WORK TASK ▸ From the listing below, copy each line that holds "Vista".

DATA ▸
..........
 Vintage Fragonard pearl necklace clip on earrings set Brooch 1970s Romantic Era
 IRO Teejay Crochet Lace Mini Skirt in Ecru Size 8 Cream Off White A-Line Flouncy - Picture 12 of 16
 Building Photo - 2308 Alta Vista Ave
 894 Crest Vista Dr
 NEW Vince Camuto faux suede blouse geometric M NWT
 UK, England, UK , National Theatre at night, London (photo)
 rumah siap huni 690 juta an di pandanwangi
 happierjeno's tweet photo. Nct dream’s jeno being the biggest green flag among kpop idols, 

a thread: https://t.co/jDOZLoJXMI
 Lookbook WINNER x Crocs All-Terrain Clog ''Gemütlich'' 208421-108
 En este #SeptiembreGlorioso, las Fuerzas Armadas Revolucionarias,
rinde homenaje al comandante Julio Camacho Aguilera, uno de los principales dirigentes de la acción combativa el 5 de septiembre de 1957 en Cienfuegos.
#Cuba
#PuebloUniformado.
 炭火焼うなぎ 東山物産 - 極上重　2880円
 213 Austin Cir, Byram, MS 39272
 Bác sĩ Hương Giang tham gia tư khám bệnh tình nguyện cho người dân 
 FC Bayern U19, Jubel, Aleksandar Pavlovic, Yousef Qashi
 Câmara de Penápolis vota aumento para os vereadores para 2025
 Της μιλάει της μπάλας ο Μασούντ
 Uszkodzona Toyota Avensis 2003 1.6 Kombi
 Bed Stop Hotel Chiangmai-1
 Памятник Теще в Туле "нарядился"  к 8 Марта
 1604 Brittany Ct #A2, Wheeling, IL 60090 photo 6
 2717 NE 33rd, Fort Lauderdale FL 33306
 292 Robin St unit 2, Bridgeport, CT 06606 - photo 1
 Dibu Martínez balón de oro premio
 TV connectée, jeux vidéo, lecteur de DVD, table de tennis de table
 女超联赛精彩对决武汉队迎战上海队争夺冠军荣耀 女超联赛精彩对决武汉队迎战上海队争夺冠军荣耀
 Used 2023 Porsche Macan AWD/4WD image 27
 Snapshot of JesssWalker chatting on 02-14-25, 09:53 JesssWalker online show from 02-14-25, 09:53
..........
RESULT FOR THIS TASK ▸
 Building Photo - 2308 Alta Vista Ave
 894 Crest Vista Dr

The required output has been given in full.